Johann Georg Valentin Ruths was a German landscape painter and lithographer of the Düsseldorf School of painting and the Hamburg School.
As the son of a merchant, Valentin Ruths was initially also destined to become a merchant, but from 1843 he trained in this profession with the Hamburg painter and lithographer Carl Friedrich Beer. From 1846 he went to Munich, where he attended the polytechnic school and from 1847 the academy. He returned to Hamburg in 1848 and worked for the company Lithographisches Institut und Kupferdruckerei Charles Fuchs.
From 1850 to 1854 he attended the Düsseldorf Art Academy and trained as a landscape painter under Johann Wilhelm Schirmer. After Schirmer was appointed the first director of the newly founded Karlsruhe art school in 1854, Ruths also left the academy and set up his own studio in Düsseldorf. His former classmate at the academy, the painter and photographer Arnold Overbeck, photographed him in his studio in Düsseldorf. In 1855, he went to Italy for two years, mainly to Rome and the surrounding area.

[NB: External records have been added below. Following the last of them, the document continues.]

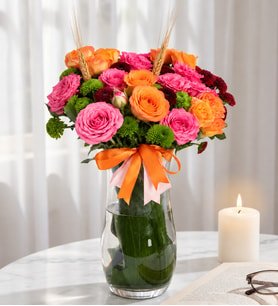 Cam Vazoda Turuncu ve Pembe Güller Lolaflora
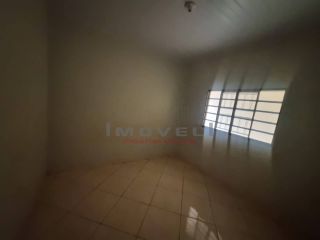 Casa com 4/4 sendo 1 Suíte No Jardim Eldorado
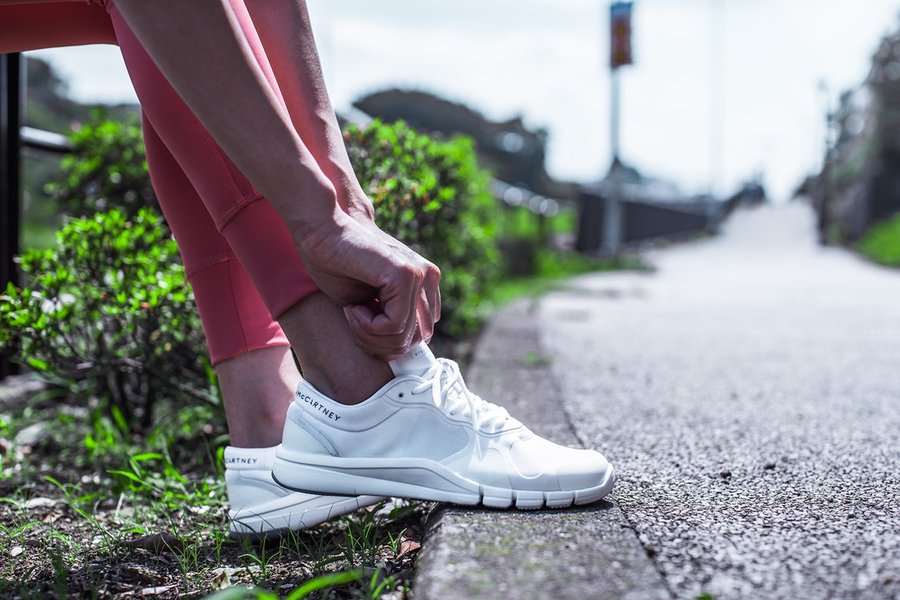 adidas,adidas by Stella McCart  玩转色彩！adidas by Stella McCartney 2017 秋冬鞋履欣赏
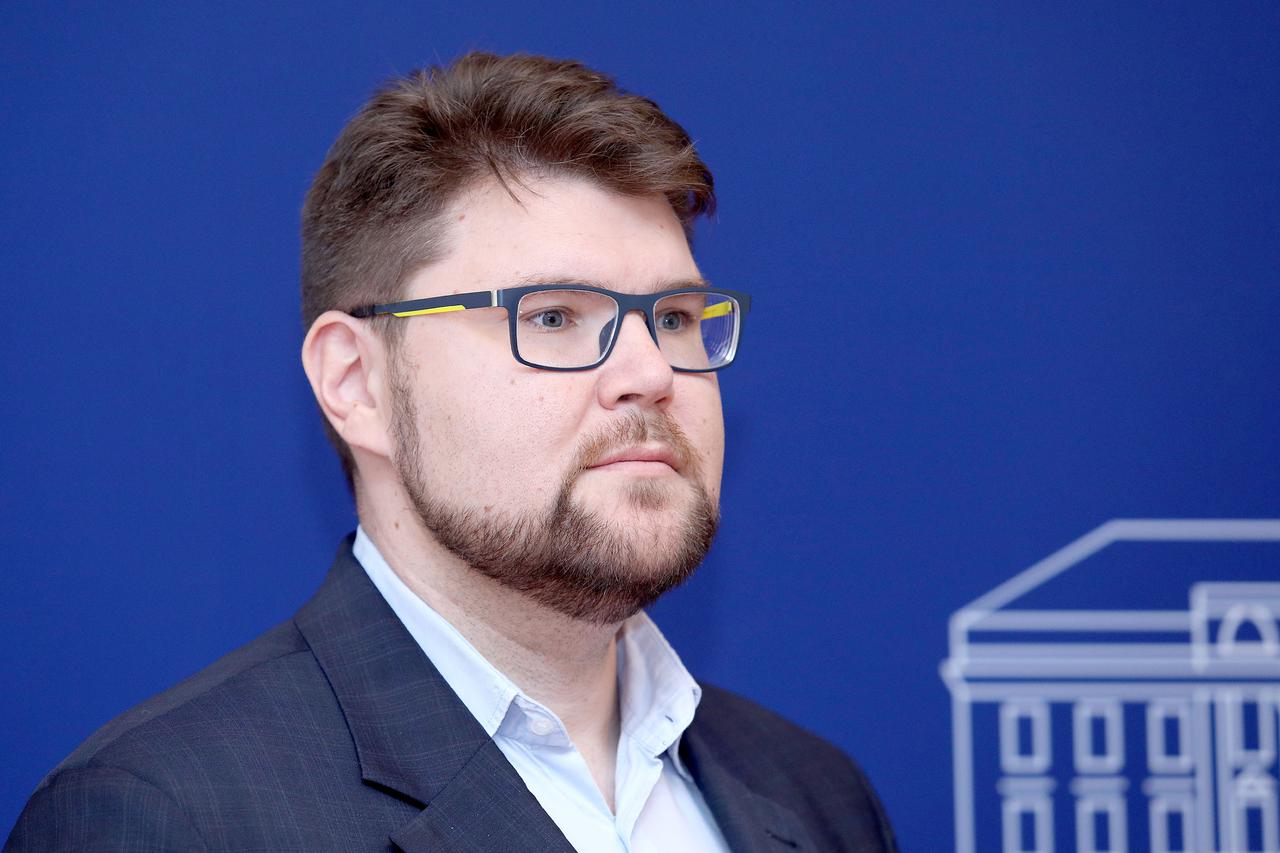 Peđa Grbin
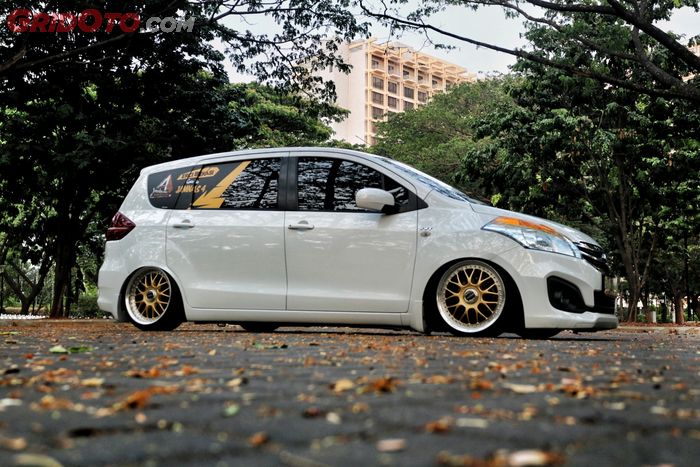 Suzuki Ertiga lawas tipe GL tampil keren dibuat kandas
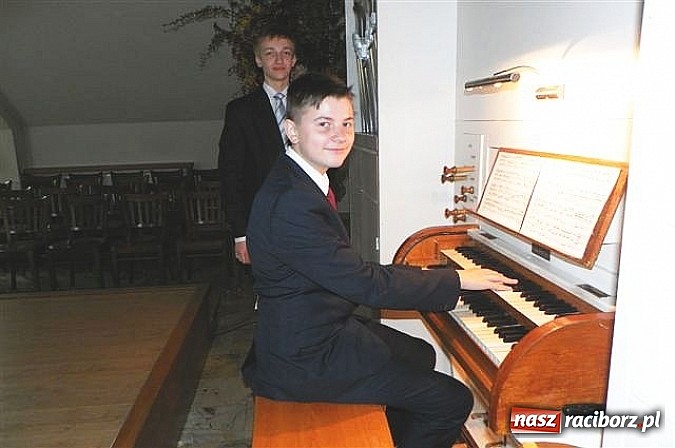 Zdjęcie w galerii na portalu naszraciborz.pl: Mariusz Wycisk oraz Marcin Knura laureatami konkursu organowego wiadomości z regionu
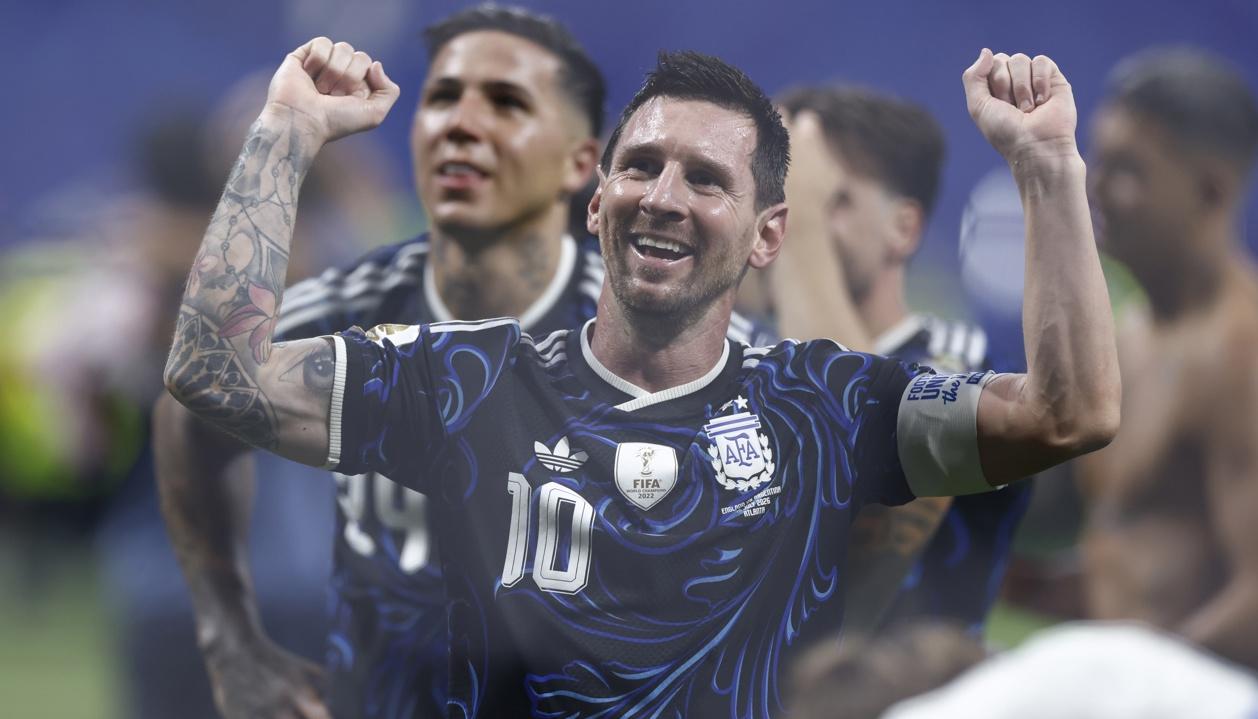 Lionel Messi celebra tras el triunfo sobre Inglaterra. 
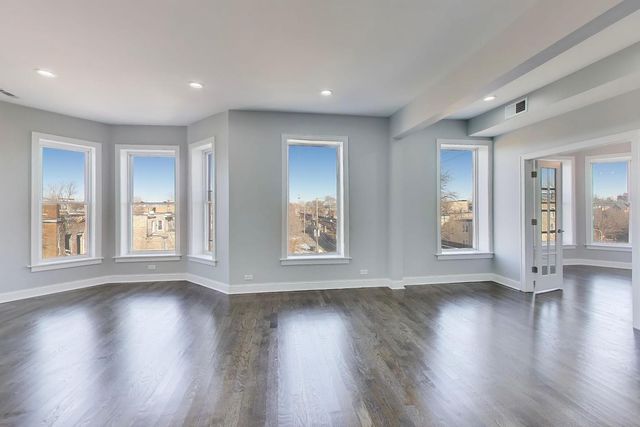 313 E 60th Street 4, Chicago, IL 60637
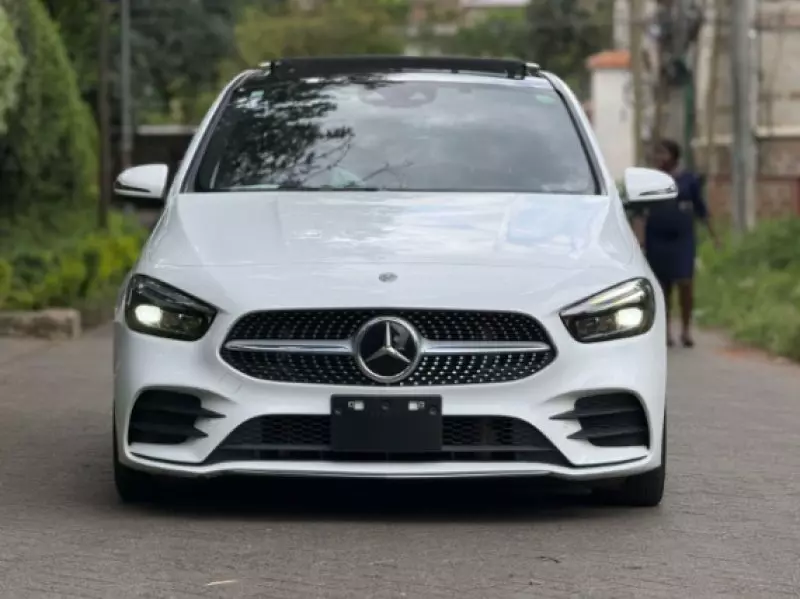 Mercedes-Benz B 180   - 2020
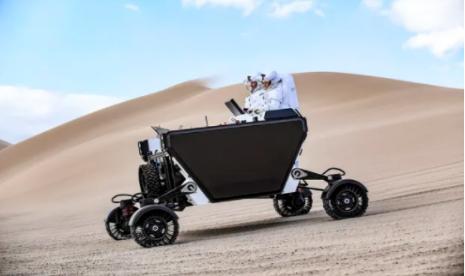 Prototipe rover yang digunakan sebagai kargo di Bulan.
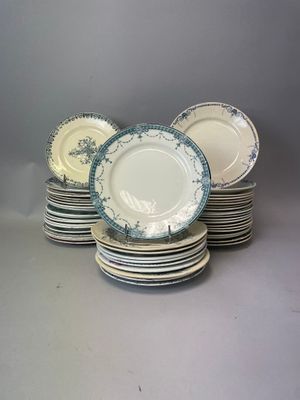 plusieurs assiettes empilées sur une table
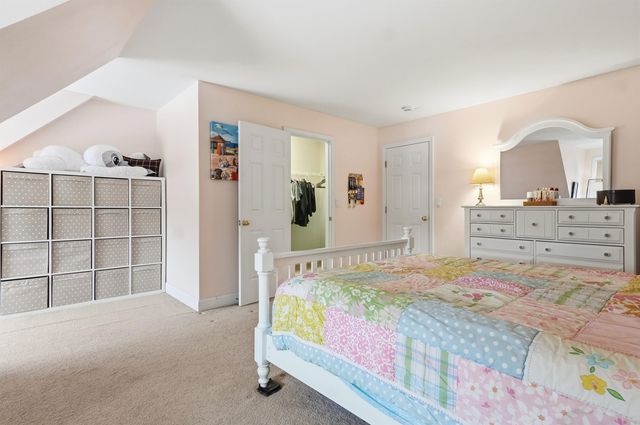 10 Ball Road, Kingston, NH 03848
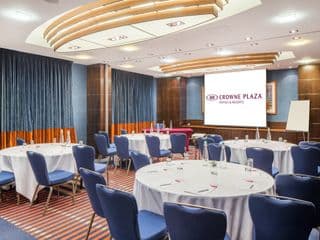 Crowne Plaza London - Gatwick Airport, an IHG Hotel - Photo 19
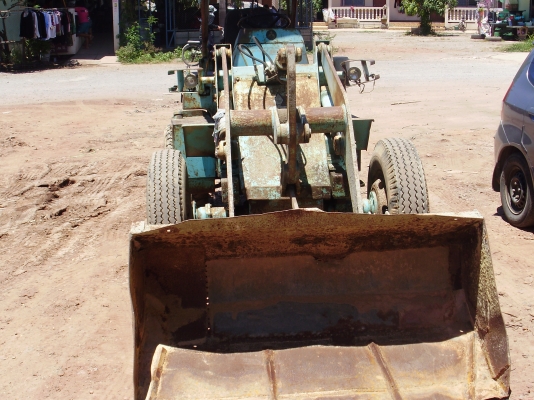 รถตักล้อยาง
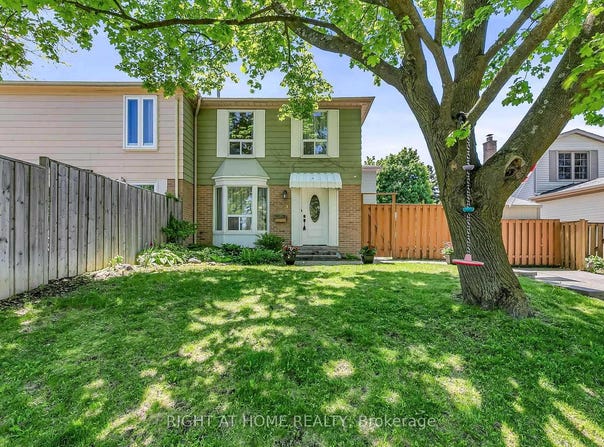 25 Castle Rock Drive, Richmond Hill, Ontario L4C5A3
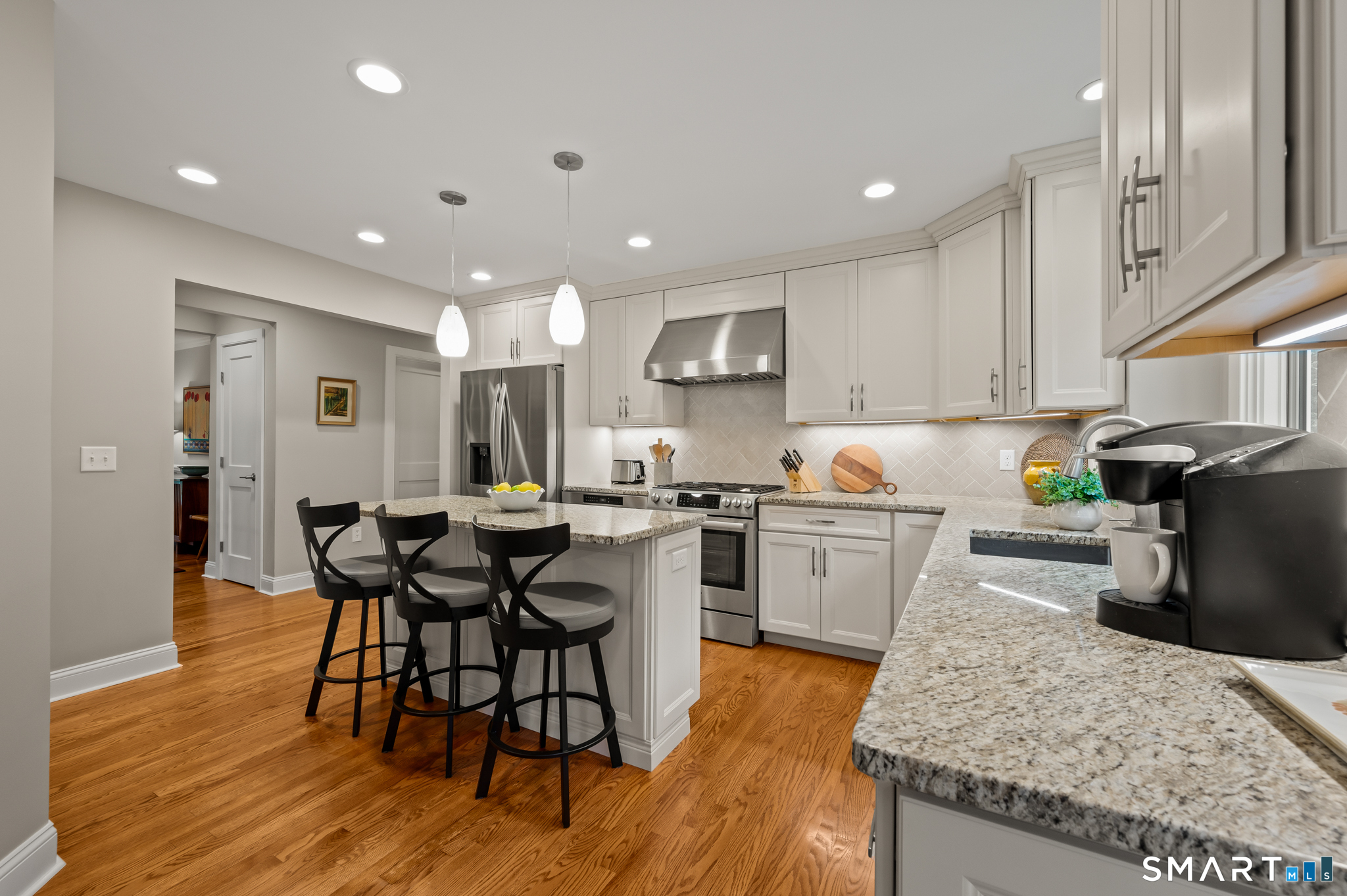 111 Bluff Point Road Glastonbury, CT 06073 - Photo 5 of 39
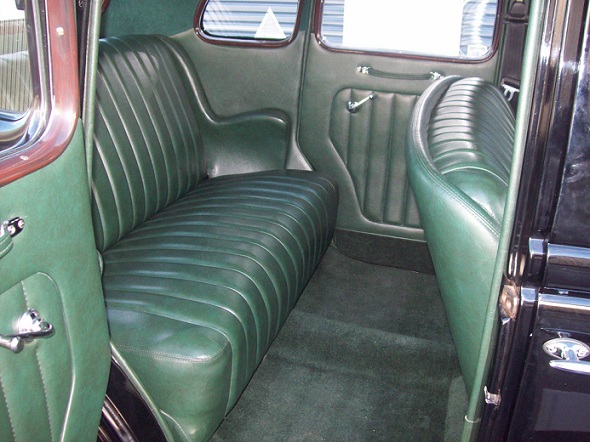 1935 Ford V8 Deluxe Sedan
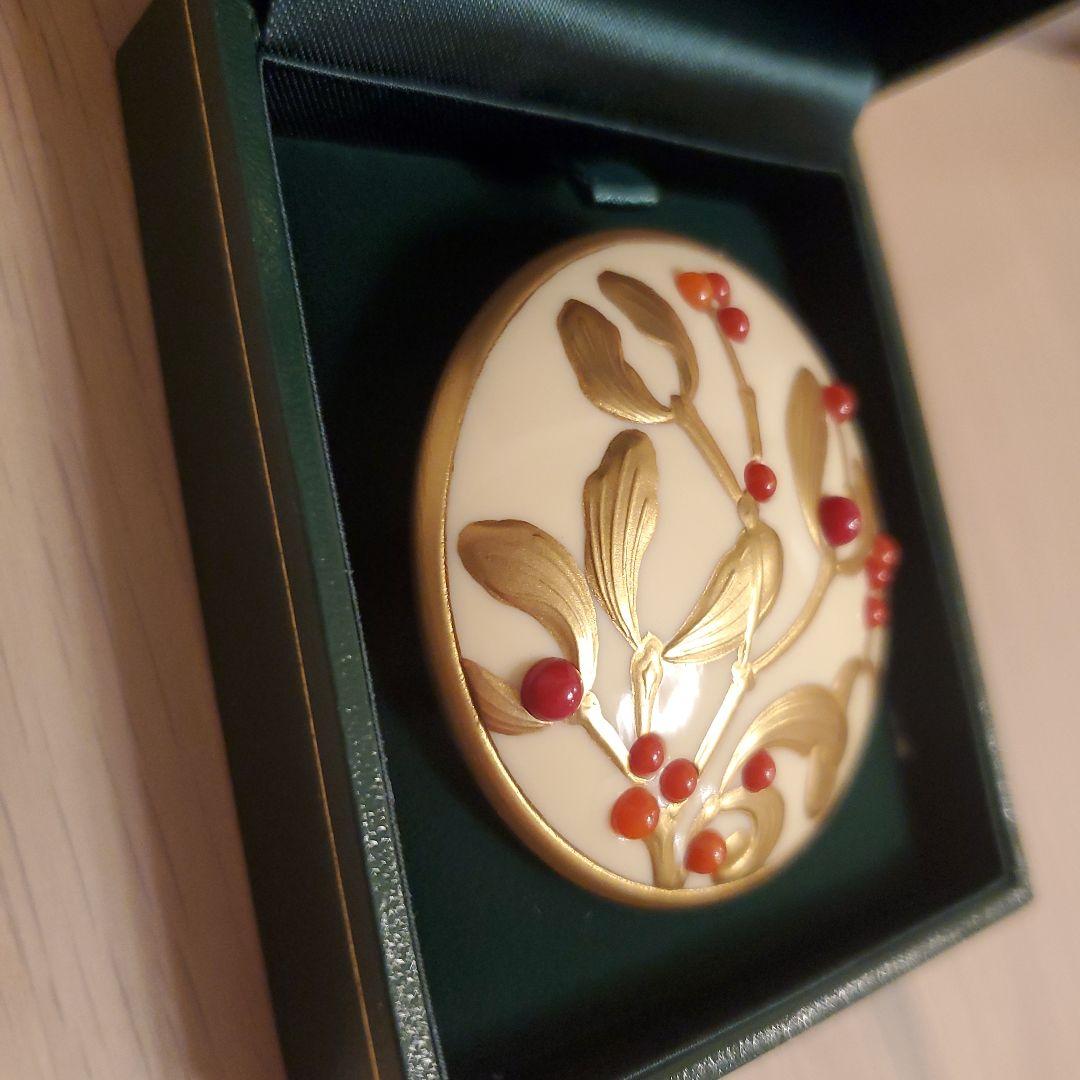 【新品未使用】アキオモリ　森暁雄　ヤドリギモチーフ　ブローチ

From 1857 he lived in Hamburg again. He was a member of the Berlin Academy and from 1869 a member of the Academy in Vienna. Ruths received medals at exhibitions in Metz, Berlin (Golden Medal for Art, 1872) and Vienna. Ruths preferred to paint Elbe landscapes and Italian and Swiss motifs. "He was considered adept at depicting mountainous and flat landscapes, coastal and village scenes and was praised for the great power of his mood, vivid drawing and energetic use of color". Alongside Ascan Lutteroth, he is considered one of the most important Hamburg landscape painters of his time. He was also a member of the Hamburg Artists' Association of 1832.
From 1880, together with Arthur Fitger, he painted eight large murals for the staircase of the Hamburger Kunsthalle, depicting the four seasons and times of day. Alfred Lichtwark, the director of the Kunsthalle at the time, acquired a total of ten paintings from Ruths. Ruths also published landscape designs for school and private lessons (Hamburg 1878). He also had himself portrayed by Hermann Steinfurth and donated the portrait to the Hamburg Kunsthalle in 1893. Another portrait, an oil painting by Günther Gensler, which shows Valentin Ruths and his colleague Hermann Kauffmann visiting the painter, is also in the Hamburger Kunsthalle. His niece Amelie Ruths, who had received her first training with him, also became a well-known painter.